2024.09.6
ロシア軍がチャシブ・ヤールで前進、ポクロウシク方面でもヒルニクに急接近
https://grandfleet.info/war-situation-in-ukraine/russian-troops-advance-on-chasyb-yar-approaching-hirnik-in-the-pokrovsk-region/
ポクロウシク戦線でのロシア軍の進撃方向は、主に3つあります。
今回は幹線道路E-50の南での戦いです。
幹線道路E-50を守っていたウクライナ軍の要塞カルリブカKarlivkaを制圧したロシア軍は、更に南下しています。
といってもこのエリアではウクライナ軍の密度が高くなり、これまでのように快調に進撃しているわけではありません。それなりにウクライナ軍も抵抗しています。
カルリブカの南のハリツイニフカHalytsynivkaを攻撃しつつ、その西のウクライナスクUkrainskを攻撃しています。
ハリツイニフカは、大体ロシア軍が制圧したようです。
その次のロシア軍の攻撃ルートが興味深いです。
ハリツイニフカとウクライナスクの中間地帯を南に突破してしまいました。
ウクライナスクUkrainskは東方向からの攻撃を想定して防御施設を作っていると思います。普通ならロシア軍は東から攻めてくるはずだからです。
その防御の強い部分を迂回いして南側から攻めることにしたようです。
本来ならこの2つの拠点があれば、このような攻撃は出来ないと思います。やはりウクライナ軍の兵力が少なく強力な攻撃部隊がいないために、このような強引な突破作戦が可能なようです。
セリダブSelydoveには、ヴフレダルVuhledarの要塞から強力な旅団を1つ引き抜いて防御を強化したようです。ロシア軍は、簡単にはセリダブSelydoveを攻略できないかもしれません。ウクライナ軍は、ヴフレダルVuhledarを軽く見たと言うことだろうと思います。一番、南東に遠い地域ですから防御を諦めたのかもしれません。
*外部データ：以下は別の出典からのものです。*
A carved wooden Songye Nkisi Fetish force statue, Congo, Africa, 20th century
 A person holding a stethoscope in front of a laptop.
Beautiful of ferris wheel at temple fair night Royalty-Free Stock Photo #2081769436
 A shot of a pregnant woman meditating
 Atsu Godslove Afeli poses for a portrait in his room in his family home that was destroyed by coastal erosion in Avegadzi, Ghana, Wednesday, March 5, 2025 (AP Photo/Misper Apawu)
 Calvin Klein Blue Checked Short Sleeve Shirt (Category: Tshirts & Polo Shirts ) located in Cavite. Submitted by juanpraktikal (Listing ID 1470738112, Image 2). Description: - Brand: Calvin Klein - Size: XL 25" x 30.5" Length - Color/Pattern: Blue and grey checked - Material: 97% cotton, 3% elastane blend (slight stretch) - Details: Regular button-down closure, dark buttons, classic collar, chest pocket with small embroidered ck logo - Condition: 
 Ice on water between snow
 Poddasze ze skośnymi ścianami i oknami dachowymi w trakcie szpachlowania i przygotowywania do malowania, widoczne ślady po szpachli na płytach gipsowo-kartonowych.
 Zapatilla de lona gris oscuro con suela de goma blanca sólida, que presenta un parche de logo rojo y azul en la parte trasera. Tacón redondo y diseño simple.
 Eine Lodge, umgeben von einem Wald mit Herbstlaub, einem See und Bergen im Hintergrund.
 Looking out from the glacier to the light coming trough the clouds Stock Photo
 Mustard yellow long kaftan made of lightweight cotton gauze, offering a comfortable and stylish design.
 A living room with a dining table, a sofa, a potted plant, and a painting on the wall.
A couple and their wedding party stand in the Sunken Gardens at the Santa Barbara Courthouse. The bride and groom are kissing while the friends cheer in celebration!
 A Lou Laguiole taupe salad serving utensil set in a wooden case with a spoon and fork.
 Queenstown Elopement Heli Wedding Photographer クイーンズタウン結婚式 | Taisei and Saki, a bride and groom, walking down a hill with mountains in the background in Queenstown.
しかしセリダブSelydoveとルートE-50の南を攻めるロシア軍の目的は2つあります。
①1つ目は、ポクロフスクからクラホヴェKurakhoveに行く鉄道路線の遮断です。これが出来ると南部ドネツクは補給の多くを失います。
②もう1つは、ルーE-50をロシア軍の補給路として利用するために安全を確保することです。
南に占領地を広げるほど安全性が高くなります。
①の目的を達成するためにもう一つ方法があります。
ウクライナスクUkrainskからその西のツクリネTsukuryneを制圧する事でも鉄道路線を遮断できます。
増援部隊が到着した市街地の大きいセリダブSelydoveを攻略するより、ウクライナスク~ツクリネの方が制圧が容易だと思われます。だからウクライナスクUkrainsk制圧を優先しているのだろうと思います。
③3つ目の目的
ウクライナスクUkrainskからその南のヒルニクHirnyk、そして更に南のクラヒウカKurakhivkaまで南下しながら制圧していくと・・・・
ヴォブチャ(Vovcha Rivber)川の東側のかなり広いエリアが補給困難になります。
またロシア軍に大きく包囲されることにもなります。
カルリブカKarlivkaから南のヘリオフカHeorhiivkaを線で結んだ東側のエリアです。
かなり広範囲でしょう❓
このエリアを戦闘せずに占領してしまおうというのが3つ目の狙いです。
このようにクルスク侵攻作戦のためにポクロウシクPokrovsk戦線を軽視したウクライナ軍の作戦的誤りは、ドネツク州の各戦場に出ています。
ドネツク州の中部以南を全部、ロシア軍に進呈したのとほぼ同じことです。
単にポクロウシクPokrovskの市街地を守ってどうなるものでは、ありません。
※これまで色々書いてきましたが、ロシア軍はウクライナ軍の大きなミスを利用してドネツク州南半分全域を占領するべく攻撃を開始しました。
これを全部守ることは予備兵力の枯渇しているウクライナ軍には不可能です。
ロシア軍の勢力圏に近い東側は放棄して、ドネツク州の西側の拠点を守るしか方法がなくなったと思います。
ポクロウシクPokrovsk
セリダブSelydove
ヴェリカ・ノボシルカVelyka Novosilka
などの西側の重要拠点です。
その東側は放棄するしかないと思います。
西側の重要拠点が、守れたらそれで良しとするべきだと思います。
それくらいロシア軍に流れが傾いています。
ドネツク州は一気に戦況が悪化しました。